Yad La-Shiryon (officially: The Armored Corps Memorial Site and Museum at Latrun; ) is Israel's official memorial site for fallen soldiers from the armored corps, as well as one of the most diverse tank museums in the world. The cornerstone for Yad La-Shiryon was laid on .

The site was created through the initiative of veteran officers of the armored corps. The outdoor display includes 110 tanks and other armored fighting vehicles, both Israeli and captured enemy examples including the Merkava and T-34, T-54, T-55, T-62  tanks, as well as vehicles obtained or purchased from allied nations specifically for diversifying the collection like the German Leopard tank or the only T-72 on display in Israel. Other notable items include: an M4 Sherman tank mounted high atop a former British water tower; a collection of mobile bridges constructed by the IDF (Israeli Defense Forces) which can be carried by tanks and erected while under fire; captured enemy vehicles, most of which Israel has modified and updated; a tank with a blown up gun; and a long, engraved commemorative wall bearing the names of Armored Corps soldiers killed in defense of the country.

Memorial site
The main building, a Mandate-era Tegart fortress, houses a library with a publicly accessible computerized record of every fallen Israeli tank soldier, and a synagogue. The deeply pocked outer walls of the fort are a reminder of the building's wartime past and its use by the Arab Legion. The tower of the fortress has been converted into a Tower of Tears by Israeli artist, Danny Karavan. The inside of the tower is covered by steel taken from a tank and water circulating from a pool underneath the installation trickles down the walls.

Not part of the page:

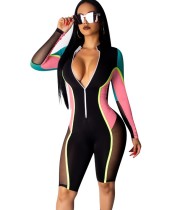 Zipped Up Contrast Sports Mid-Length Jumpsuit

The museum also features a large amphitheater, an auditorium, and has photos, poetry, paintings and cartoons on display. Screenings are held regularly, showing both historical film footage and more recent tributes to Israelis injured and fallen.

The Wall of Names, erected outside, displays the names of all the soldiers from the Armored Corps killed in the 1948 Arab-Israeli War and later wars.

Tank on the tower

The most famous sight at Yad La-Shiryon is most likely that of a tank on top of a tower, which serves as the museum's logo. In 1979, by decision of late Major General (Ret.) Moshe Peled, the tank was hoisted on top of a tower on the site, which was originally used as a water tower. The tank that was chosen is an American M4 Sherman, one of the first tanks that fought in the service of the Israel Defense Forces. Since the water tower was only designed to support 25 tons and the tank weighed 34 tons, both the engine and transmission gears had to be removed.

Tank collection
Yad La-shiryon is famous worldwide for its unique and diverse collection of tanks and armored vehicles. There are over a hundred different vehicles in the collection.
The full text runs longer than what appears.